Well, the storm in the ring had blown itself out.
I was left to contemplate the defeat. My sense of invincibility had now gone, having been an unstoppable force for so long, and I was forced to think about how I had let a nation down, as a fresh storm brewed.
CHAPTER 9
Rebuilding
Defeat was hard for me to deal with but in the ring in Las Vegas that night, after I joked I’d slipped to Larry Merchant, I said I would fight on. That was never in any doubt. I was only twenty-eight, had just lost to the best fighter on the planet but I was still undefeated in my weight class.
Training camp had been okay for Floyd but when I look back, in hindsight, I’d love to have had the Billy Graham of the Kostya Tszyu fight training me. He was having painkilling injections in his hands and elbows and it wasn’t the same; but it was business as usual when we started again after Mayweather.
Ever since I was young I had wanted just three things, to be a world champion, support Man City and listen to Oasis. So here I was, not a world champion any longer but I had been, and I wanted to box at Manchester City. I ticked boxes as I went along: I’d boxed in Vegas, Madison Square Garden, in Manchester – and I still wanted to box at Man City.
A few years ago, there had been talk of me and Junior Witter boxing at Maine Road, but now City were playing at the huge City of Manchester Stadium. I’d formed my own promotional group, Hatton Promotions, and we worked with Frank Maloney when I signed to fight Juan Lazcano, back at light-welterweight, at City’s ground. It was billed as my ‘Homecoming’ but I was coming off a defeat, and my return to box in Britain came after four fights in America. It had been three years since I’d fought Maussa in Sheffield.r />
When we first booked the stadium, guys in the team said to me, ‘If you get 35,000 here it will be unbelievable.’ That sounded good to me. But then more than 40,000 tickets were sold in six hours, and by the time the fight came, it had been sold out weeks in advance. There were 58,000 fans there.
Despite everything the Mayweather fight had been and its aftermath, it wasn’t hard to motivate myself once I eventually got back into the gym. In fact, the first time you come back from a defeat – and a knockout defeat at that – it is a very nervous time. And I did it in front of nearly 60,000 people. I don’t do things by halves, do I? The pressure was on.
Some people might say I can’t have been that nervous because I wore a fat sumo-suit into the arena, but it’s always been about the show for me. It’s about making it an occasion for the fans. It was, of course, a nod to the critics who continued to bang on about me putting weight on between fights.
On the undercard, IBF light-welterweight champion Paulie Malignaggi defeated tough Lovemore Ndou in a drab encounter on points that was remembered more for Paulie having to have his dreadlocks cut in between rounds so he could see what he was doing.
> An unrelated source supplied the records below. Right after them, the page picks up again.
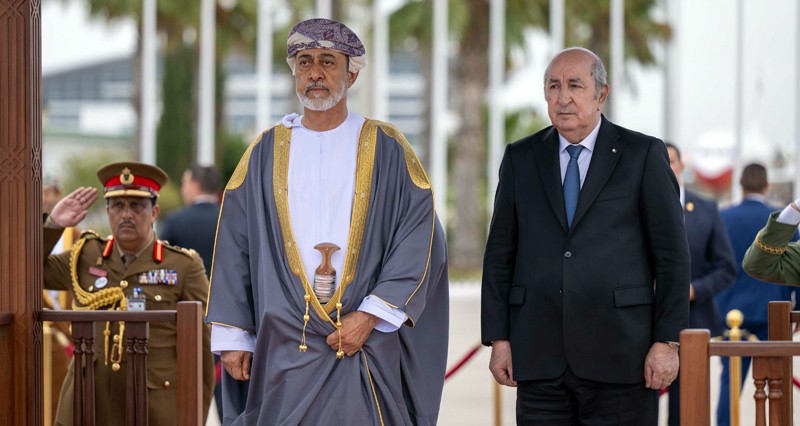 جلالة السلطان يختتم زيارة دولة للجزائر ويستعرض والرئيس الجزائري مجالات التعاون الثنائي وآلية تعزيزها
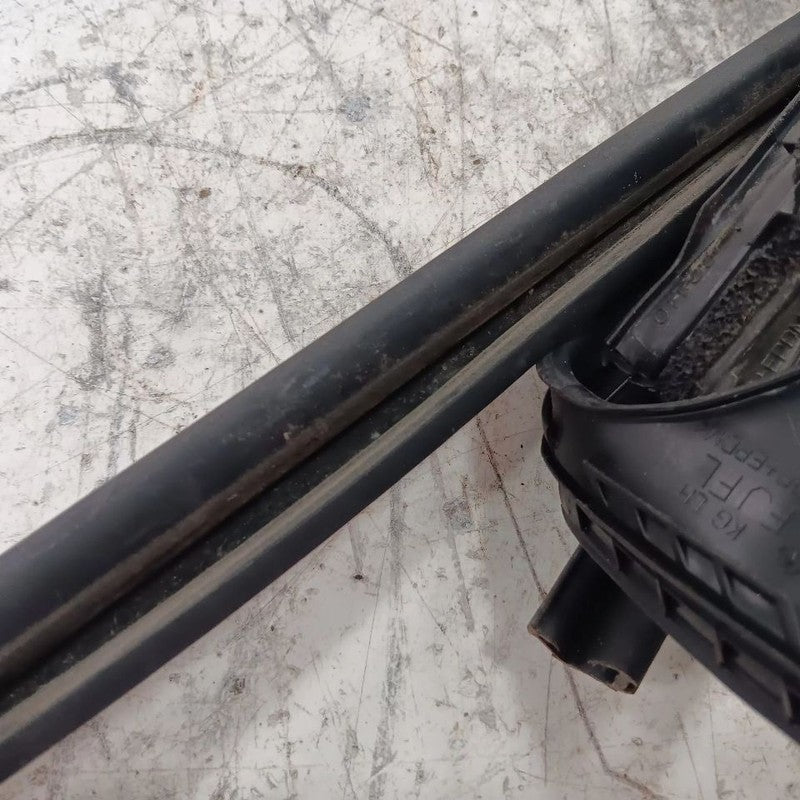 Subaru Forester Door Glass Window Seal Rubber Left Driver Front  2016 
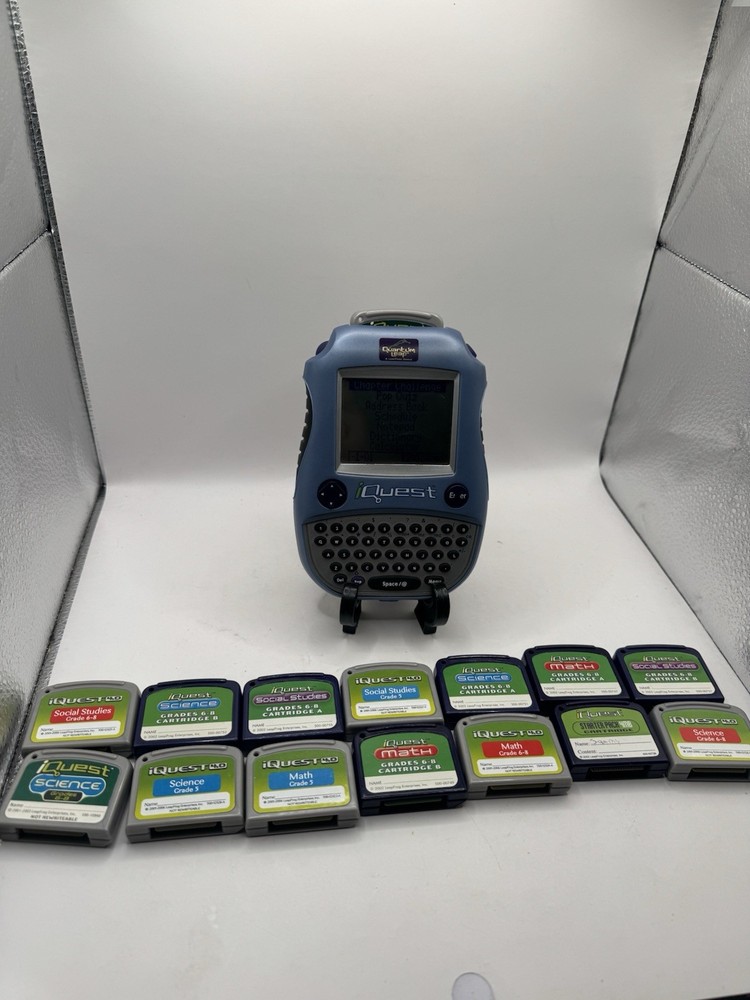 Quantum Leap I Quest ~ LeapFrog ~ Console, Case, 15 Cartridges ~ Tested -Works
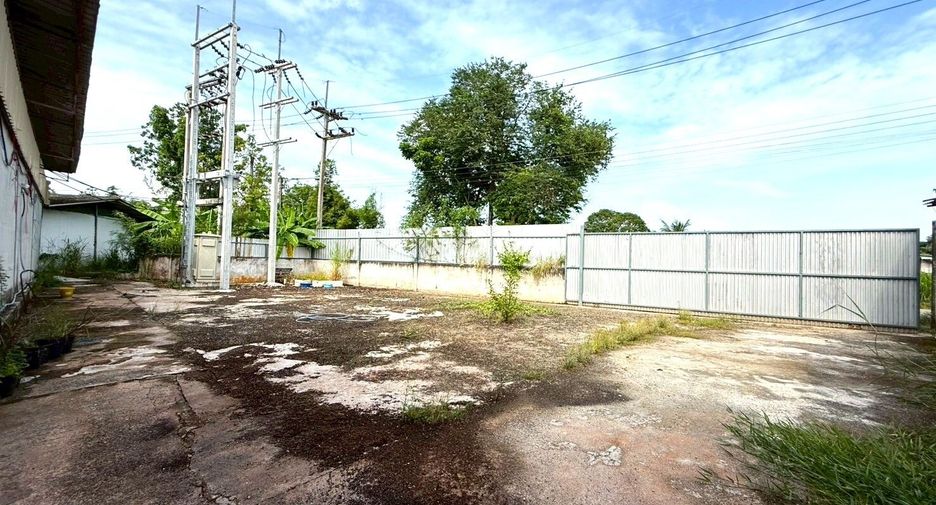 Casa en venta y en alquiler de estudio en Phan Thong, Chonburi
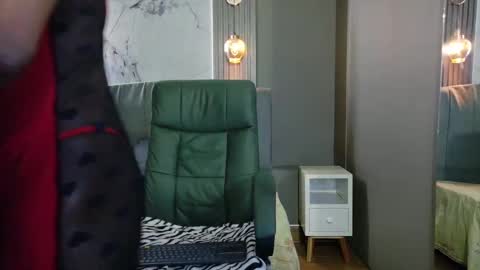 Snapshot of katia_green chatting on October 2, 3:39 pm Katia online show from October 2, 3:39 pm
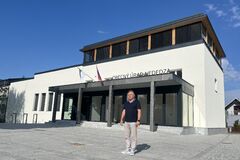 Nededza má nové centrum, dominantou sú vežové hodiny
Even after that he wasn’t much better. To compound the misery, Matthew lost that night, too, to Craig Watson in a challenge for the Commonwealth title.
I had been down in the dumps after the Mayweather fight, and I wanted to come back and look impressive. My feelings were that I wasn’t a welterweight, as shown to me by Collazo and now Mayweather, and I wanted to move back down to show I was still the best light-welterweight in the world. Lazcano was a good opponent, world-class in my eyes, but he was someone I was supposed to stop and look good against. That’s not how it panned out.